◆ Task material ◆

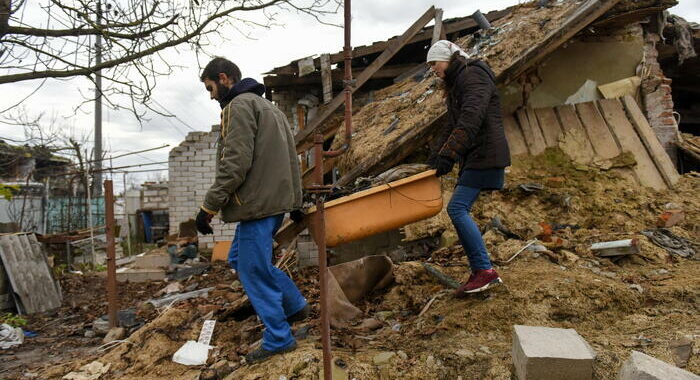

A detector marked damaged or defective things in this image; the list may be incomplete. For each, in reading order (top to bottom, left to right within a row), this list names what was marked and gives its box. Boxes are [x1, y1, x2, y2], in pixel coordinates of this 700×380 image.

broken wooden plank [296, 6, 438, 153]
broken wooden plank [500, 0, 620, 85]
broken wooden plank [500, 116, 528, 157]
broken wooden plank [516, 107, 548, 155]
broken wooden plank [536, 108, 564, 148]
broken wooden plank [576, 101, 616, 159]
broken wooden plank [596, 98, 668, 190]
broken wooden plank [620, 95, 680, 187]
rusty metal post [314, 134, 332, 380]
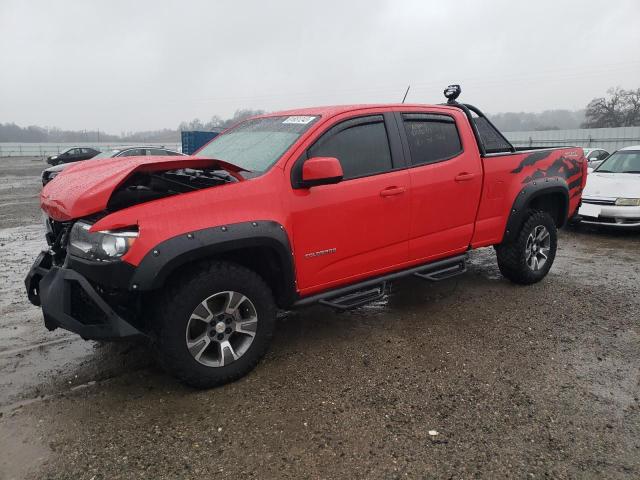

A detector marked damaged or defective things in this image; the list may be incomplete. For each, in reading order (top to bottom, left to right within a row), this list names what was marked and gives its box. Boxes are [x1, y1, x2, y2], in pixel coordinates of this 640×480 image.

exposed headlight [68, 222, 137, 262]
damaged front bumper [25, 251, 145, 342]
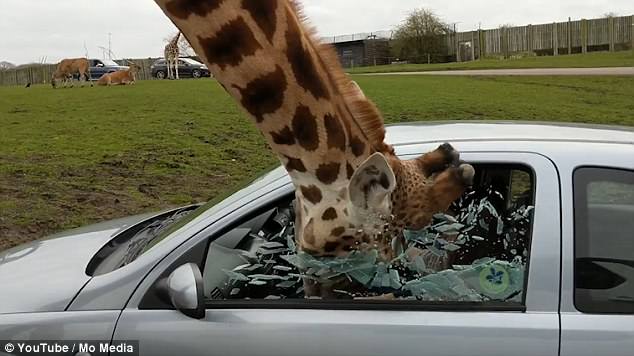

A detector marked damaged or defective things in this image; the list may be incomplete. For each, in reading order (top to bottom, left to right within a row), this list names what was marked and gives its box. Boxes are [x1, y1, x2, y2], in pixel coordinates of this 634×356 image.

shattered car window [200, 166, 532, 304]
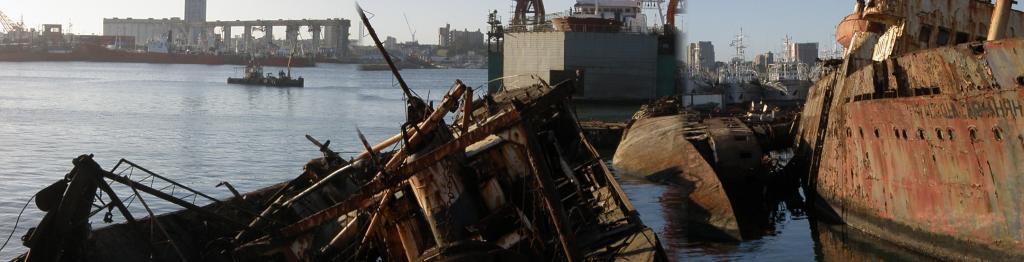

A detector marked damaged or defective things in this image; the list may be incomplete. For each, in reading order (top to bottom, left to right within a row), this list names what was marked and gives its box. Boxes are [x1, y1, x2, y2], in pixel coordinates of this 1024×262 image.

rusted shipwreck [16, 76, 667, 260]
rusty ship hull [794, 0, 1024, 259]
rusted shipwreck [798, 0, 1024, 259]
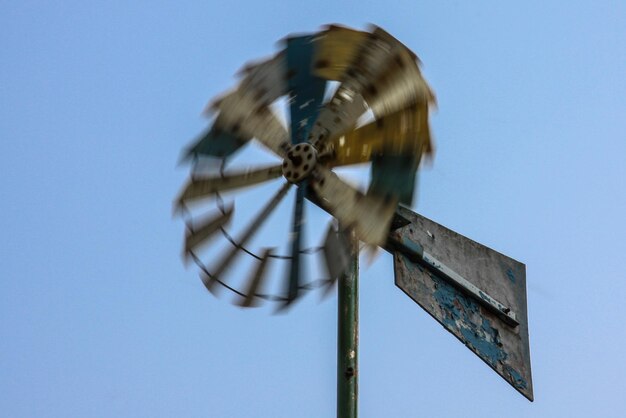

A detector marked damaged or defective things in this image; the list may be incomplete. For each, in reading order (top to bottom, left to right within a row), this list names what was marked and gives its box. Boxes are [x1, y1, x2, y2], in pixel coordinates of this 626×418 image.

◆ Required action ◆
Nothing is needed beyond an exact transcription of the lines from the one containing "this 640×480 image." to the end of the entries above, with the pictures omitted.

◆ Output below ◆
A detector marked damaged or defective things in this image; the list may be incomplete. For each, in reading order (top to bottom, left to right within a row), this list names what was marked and gives its box. Boxes are [x1, y1, x2, y2], in pixel coordinates of this 640×480 image.

exposed headlight [68, 222, 137, 262]
damaged front bumper [25, 251, 145, 342]

A detector marked damaged or defective things in this image; the list may be incomplete. For each, in reading order (top to bottom, left to right within a row), this list names what was marked and gives its box. Boxes are [x1, y1, x2, y2], in pixel coordinates of this 634×356 image.

shattered car window [200, 166, 532, 304]

A detector marked damaged or defective things in this image; the list may be incomplete. For each, in reading order (top to bottom, left to right within a row), this list names what was marked and gives its box. Boxes are [x1, y1, x2, y2], in pixel coordinates of this 1024×262 image.

rusted shipwreck [16, 76, 667, 260]
rusty ship hull [794, 0, 1024, 259]
rusted shipwreck [798, 0, 1024, 259]

A detector marked damaged or defective things in this image; the list may be incomplete. For each, in reading order (top to bottom, left to right within a row), this list names what was marked and gives its box. Boxes are [x1, y1, x2, y2], in pixel coordinates of this 626×418 image.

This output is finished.